Everything you need to know about Blue Planet II on BBC1
David Attenborough introduces his latest BBC natural history epic, the sequel to his 2001 series Blue Planet
David Attenborough narrates says he’s “absolutely astounded” by the footage the film teams have captured for Blue Planet II, the epic seven-part sequel to the 2001 series of Blue Planet.
“There are so many new things in this," he says. "The camera technology is now absolutely parallel with what we do on land.”
For him the most jaw-dropping scenes are in the second episode of the series, which focuses on life at the bottom of the ocean. Submersibles spent around 500 hours filming on the sea floor, capturing not just otherworldly animals but also stunning underwater landscapes.

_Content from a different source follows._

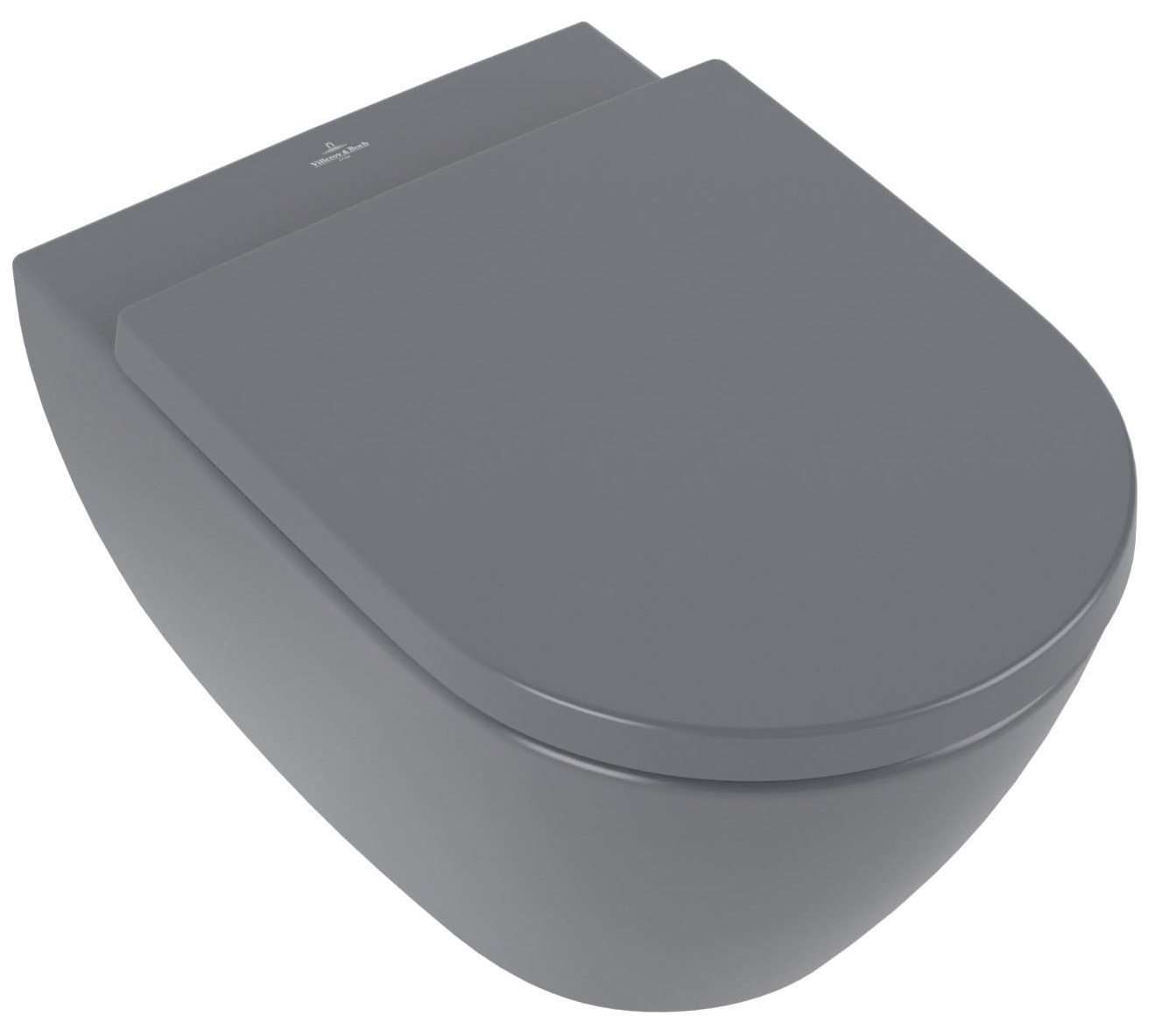 Bồn cầu treo tường Đức Villeroy-Boch Subway 2.0 5614R0i4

“I couldn’t believe what I saw,” he told guests at the London launch of the series. “When I saw eels diving into a lake at the bottom of the sea – it takes a bit of time for your mind to get around that. How could there be a lake at the bottom of the sea?”
Blue Planet II – the vital statistics
Years in production: 4
Expeditions mounted: 125
Countries visited: 39 (and remember this is a series about the oceans)
Hours filming underwater: 6,000
Depths explored at: 1,000m
Attenborough said the two greatest challenges facing the oceans were rising temperatures and plastics. “What we are going to do about a (potential) 1.5 degree rise in the temperature of the ocean over the next ten years I don’t know, but we could do something internationally about plastic tomorrow. And I just wish we would.”
He was circumspect when asked whether the films should deliver a conservation message alongside spellbinding wildlife sequences: “The temptation is just because it’s the most important story you have to spend all your time on it. But that would be a mistake in my view. I think the right time to tell that story is when you begin to establish an understanding of how important and vast the issue is. And that’s what the first six programmes do.”
The seventh and concluding film deals with the future of the oceans.
Everything you need to know about Blue Planet II episode 1
Executive producer of the series James Honeyborne says each episode will reflect the perils facing the oceans – “you just can’t avoid it. It wouldn’t be right” – but stressed the important goal was making people connect with the underwater world. “Once we meet these animals and get to know them then we can care about them and their world.”
And caring was at the heart of Attenborough’s final message to the audience. “We have a responsibility. Every one of us. It is one world and it is in our care. And for the first time in the history of humanity – the first time in 500 million years – one species has the future in the palm of its hands. I just hope he realises that is the case.”
When will Blue Planet II air on TV?
The series begins on Sunday 29th October on BBC1.
How many episodes will there be?
There are seven instalments: a powerful scene-setting opener and a thought-provoking finale sandwich episodes named The Deep, Coral Reefs, Green Seas, Big Blue and Coast.
What will be the best moments of Blue Planet II?
Look out for a spectacular sequence featuring the bird catching Giant Trevally fish, hunting squadrons of Humboldt squid, surfing dolphins, shell-smashing Tusk fish, and dancing Mobula rays.
Who made the music for Blue Planet II?
Prolific, and multi-award winning, Hollywood film composer Hans Zimmer has produced the music for this series, as he did for the BBC’s last big natural history hit Planet Earth ll. Zimmer’s extraordinary back catalogue includes music for Lion King, Gladiator, The Dark Night, Inception and, more recently, Dunkirk. He says he signed up for this project “because it is truly important”.
“This is film-making at its best because you are capable of changing the human relationship to the world. By telling the story of the oceans we are inevitably telling the story of what our fate is going to be. This is an adventure in us learning our to love our environment.”
How was Blue Planet II filmed?
An armoury of new technology has been deployed in the making of the series, key among them the re-breather apparatus that allows cameramen and women to remain underwater for significantly longer than conventional breathing kit. And not just that: the re-breathers produce no bubbles. Says executive producer Honeyborne: “It’s really by sitting next to these fish for literally hours at a time with no bubbles being made that the fish get totally relaxed and let you into their world. That’s when you can look a fish in the eye and see an intelligence you simply hadn’t appreciated before.”